グレイヴは振り返りもせず、その影を踏みしだきながら笑った。
「動くぞ、“影ども”。標的は黒髪の娘……ただし“丁寧に”扱えよ。こんな始まってもいねぇとこで壊したって意味ねぇからな」
金のピアスが月光を弾き、きらりと光る。
その笑みは――冷酷と遊戯、興味と死の境界線をひらりと飛び越えた、影に生きる狂人のものだった。
【神殿の夜――《夢喰いの報せ》】
王都の中心、聖セラフィード大神殿。
深い夜の静寂に、月光が天蓋を貫き、ステンドグラスの聖像を透かして七色の光を石床へと落とす。
その光の中心に、大聖女リディアーヌ・ルミナリアは佇んでいた。
白銀の精糸のような髪が肩から流れ、わずかな風もないのに揺れている。
二十代の若さを思わせる姿だが、その瞳に宿るのは何世代もの祈りを積み重ねた者だけが得る、永遠の静謐。
雪のように白い祭服は闇を拒む結界のようで、冷たいアイスブルーの瞳には、一切の迷いも情動も映らない。

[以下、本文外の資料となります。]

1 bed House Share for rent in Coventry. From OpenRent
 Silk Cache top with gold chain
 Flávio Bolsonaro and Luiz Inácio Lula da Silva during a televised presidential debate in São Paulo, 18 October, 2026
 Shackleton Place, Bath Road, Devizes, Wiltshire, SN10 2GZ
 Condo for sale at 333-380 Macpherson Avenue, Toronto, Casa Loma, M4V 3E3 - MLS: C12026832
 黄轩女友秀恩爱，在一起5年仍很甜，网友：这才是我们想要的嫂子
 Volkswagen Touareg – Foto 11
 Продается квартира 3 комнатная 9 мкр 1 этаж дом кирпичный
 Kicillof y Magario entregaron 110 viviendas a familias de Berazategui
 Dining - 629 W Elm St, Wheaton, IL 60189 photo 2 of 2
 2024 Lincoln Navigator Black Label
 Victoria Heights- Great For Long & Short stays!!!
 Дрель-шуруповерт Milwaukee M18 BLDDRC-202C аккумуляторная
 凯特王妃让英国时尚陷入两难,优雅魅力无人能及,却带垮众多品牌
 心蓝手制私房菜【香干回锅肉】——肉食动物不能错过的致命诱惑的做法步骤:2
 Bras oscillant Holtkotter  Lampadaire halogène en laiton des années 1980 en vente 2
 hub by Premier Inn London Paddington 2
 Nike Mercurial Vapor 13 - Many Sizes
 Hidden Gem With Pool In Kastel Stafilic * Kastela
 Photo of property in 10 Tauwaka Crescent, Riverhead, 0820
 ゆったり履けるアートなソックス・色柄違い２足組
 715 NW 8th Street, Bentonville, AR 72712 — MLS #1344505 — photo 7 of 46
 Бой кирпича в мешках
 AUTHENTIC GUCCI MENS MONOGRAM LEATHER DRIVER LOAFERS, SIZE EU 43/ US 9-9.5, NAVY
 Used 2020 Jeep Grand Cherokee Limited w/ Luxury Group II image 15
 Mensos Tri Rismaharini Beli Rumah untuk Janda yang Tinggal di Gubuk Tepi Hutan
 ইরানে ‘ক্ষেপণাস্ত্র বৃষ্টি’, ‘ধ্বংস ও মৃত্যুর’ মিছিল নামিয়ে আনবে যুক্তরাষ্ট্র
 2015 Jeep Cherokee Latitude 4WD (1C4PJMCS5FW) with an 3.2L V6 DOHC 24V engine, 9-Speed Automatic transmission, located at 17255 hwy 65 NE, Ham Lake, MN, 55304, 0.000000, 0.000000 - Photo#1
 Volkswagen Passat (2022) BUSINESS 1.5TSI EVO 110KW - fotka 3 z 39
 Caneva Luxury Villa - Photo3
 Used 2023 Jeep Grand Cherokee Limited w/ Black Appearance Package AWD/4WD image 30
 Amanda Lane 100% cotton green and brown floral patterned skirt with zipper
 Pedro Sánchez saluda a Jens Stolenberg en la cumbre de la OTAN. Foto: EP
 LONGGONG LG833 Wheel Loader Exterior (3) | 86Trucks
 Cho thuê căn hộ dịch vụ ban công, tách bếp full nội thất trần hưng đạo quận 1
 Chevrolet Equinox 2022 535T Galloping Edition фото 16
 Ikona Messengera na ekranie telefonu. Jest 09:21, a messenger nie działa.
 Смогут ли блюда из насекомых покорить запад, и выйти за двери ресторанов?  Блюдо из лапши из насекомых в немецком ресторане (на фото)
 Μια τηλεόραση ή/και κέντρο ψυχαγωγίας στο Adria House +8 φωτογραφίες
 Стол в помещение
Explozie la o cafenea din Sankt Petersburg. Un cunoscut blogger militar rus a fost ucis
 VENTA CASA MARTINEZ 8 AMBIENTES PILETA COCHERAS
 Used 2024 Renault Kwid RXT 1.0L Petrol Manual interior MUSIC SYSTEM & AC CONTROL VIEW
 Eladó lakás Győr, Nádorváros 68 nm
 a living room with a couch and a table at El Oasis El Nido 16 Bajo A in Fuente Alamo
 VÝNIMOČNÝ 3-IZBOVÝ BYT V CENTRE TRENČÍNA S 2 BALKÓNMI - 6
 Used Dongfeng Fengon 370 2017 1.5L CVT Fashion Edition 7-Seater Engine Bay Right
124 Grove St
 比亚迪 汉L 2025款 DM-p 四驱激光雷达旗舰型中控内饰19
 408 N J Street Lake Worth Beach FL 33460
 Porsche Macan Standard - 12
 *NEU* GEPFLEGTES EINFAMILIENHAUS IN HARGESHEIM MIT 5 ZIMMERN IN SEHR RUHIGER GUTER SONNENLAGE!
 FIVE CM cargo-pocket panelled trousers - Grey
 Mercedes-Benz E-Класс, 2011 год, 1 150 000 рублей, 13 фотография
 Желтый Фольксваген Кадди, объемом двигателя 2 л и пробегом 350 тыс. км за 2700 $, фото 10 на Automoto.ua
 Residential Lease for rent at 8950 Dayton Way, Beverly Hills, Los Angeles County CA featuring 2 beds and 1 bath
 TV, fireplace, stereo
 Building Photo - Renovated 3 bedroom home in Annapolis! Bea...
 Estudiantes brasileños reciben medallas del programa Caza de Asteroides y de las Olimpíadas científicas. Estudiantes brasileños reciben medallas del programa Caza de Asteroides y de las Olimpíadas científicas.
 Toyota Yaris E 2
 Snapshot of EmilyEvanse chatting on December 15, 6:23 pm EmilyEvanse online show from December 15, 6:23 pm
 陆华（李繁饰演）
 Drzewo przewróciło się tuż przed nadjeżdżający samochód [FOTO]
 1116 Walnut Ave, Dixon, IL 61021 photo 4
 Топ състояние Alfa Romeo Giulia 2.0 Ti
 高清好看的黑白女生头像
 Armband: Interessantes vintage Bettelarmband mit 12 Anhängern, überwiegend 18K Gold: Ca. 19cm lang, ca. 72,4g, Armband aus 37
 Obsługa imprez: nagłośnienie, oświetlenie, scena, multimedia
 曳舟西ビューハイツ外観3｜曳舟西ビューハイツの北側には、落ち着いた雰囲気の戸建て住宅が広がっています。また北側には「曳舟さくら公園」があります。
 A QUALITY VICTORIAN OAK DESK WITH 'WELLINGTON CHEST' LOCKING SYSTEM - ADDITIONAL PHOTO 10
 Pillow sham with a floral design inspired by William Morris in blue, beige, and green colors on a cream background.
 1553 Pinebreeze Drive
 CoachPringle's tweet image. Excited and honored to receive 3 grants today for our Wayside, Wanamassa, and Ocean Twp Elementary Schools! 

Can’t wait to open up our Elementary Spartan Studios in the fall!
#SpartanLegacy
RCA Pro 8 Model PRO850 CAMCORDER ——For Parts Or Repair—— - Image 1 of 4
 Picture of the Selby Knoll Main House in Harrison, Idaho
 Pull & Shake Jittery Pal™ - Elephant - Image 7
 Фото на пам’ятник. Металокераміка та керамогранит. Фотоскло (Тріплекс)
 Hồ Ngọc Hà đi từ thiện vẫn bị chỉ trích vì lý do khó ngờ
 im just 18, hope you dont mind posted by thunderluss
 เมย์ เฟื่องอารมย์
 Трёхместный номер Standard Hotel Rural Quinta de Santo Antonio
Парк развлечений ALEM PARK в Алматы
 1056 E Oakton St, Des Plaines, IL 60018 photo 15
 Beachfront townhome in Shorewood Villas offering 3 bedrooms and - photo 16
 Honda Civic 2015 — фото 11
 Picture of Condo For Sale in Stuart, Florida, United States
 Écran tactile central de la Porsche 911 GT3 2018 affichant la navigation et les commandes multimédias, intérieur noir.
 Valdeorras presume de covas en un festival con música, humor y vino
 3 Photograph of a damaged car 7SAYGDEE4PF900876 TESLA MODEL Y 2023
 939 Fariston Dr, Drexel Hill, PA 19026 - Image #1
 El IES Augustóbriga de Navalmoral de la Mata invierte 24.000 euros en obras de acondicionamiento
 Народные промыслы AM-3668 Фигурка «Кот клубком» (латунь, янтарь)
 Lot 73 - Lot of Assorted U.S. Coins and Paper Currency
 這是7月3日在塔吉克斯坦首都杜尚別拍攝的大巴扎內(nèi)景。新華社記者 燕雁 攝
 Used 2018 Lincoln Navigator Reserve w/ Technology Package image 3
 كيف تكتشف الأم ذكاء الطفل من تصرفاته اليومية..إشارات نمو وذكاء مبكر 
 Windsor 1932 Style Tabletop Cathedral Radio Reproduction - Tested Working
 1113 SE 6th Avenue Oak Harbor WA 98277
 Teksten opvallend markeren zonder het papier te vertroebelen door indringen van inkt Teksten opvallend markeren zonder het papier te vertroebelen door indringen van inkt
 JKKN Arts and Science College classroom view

その唇は、神への言葉のみを許されているかのように端正だった。
その彼女の肩に、透き通る翅をした蝶がそっと降り立つ。
誓約霊――“夢喰い蝶”ミルティナ。
『……報告、いたします……』
鈴の音にも似た念話が、彼女の精神へと滑らかに落ちる。
『東の辺境にて、黒の光が発現。……癒しと破壊、両性質を併せ持つ力です』
祈りを捧げていた指先が、わずかに空気を震わせるほど微細に止まった。
「――黒の加護。……星降りの巫女、再び暁へ歩み出すというのですか」
静かでありながら、その声は月光のように鋭い。
決して揺らがないはずの彼女の心に、かすかな探求と緊張が走った。
リディアーヌは壇の上の聖典に手を置き、再びまぶたを閉じる。
「セラフィードよ……。あなたはまた、人に試練を下すのですね」
祈りの光が淡く広がり、祭服の白が星屑のように輝いた。
ミルティナの翅がそっと脈打つ。
「命じます、ミルティナ――影視を発動し、その娘の歩みを追いなさい。彼女が“器”にふさわしき者か……神の御心に照らし、見極めてくるのです」
『……御心のままに、わが主』
蝶は柔らかく光を放ち、粒子となって夜空へ、月と星のあいだを飛び越え、夢の狭間へと吸い込まれるように消えていく。
残された大聖女はひとり、静かに祈りを続けた。
その姿は、夜を見守る月の化身のように、ただ清く、ただ神秘的だった。
――こうして、静かな始まりの刻の裏で。
ひとりの少女の“奇跡”をめぐり、三つの影が動き出した。
灰色の契約と、月下の野獣、そして聖なる審判。
それぞれの意志が交差する先に、どんな運命が待つのか。
そして、そのすべての中心に、黒髪の少女と陽光の王子の“約束”があった。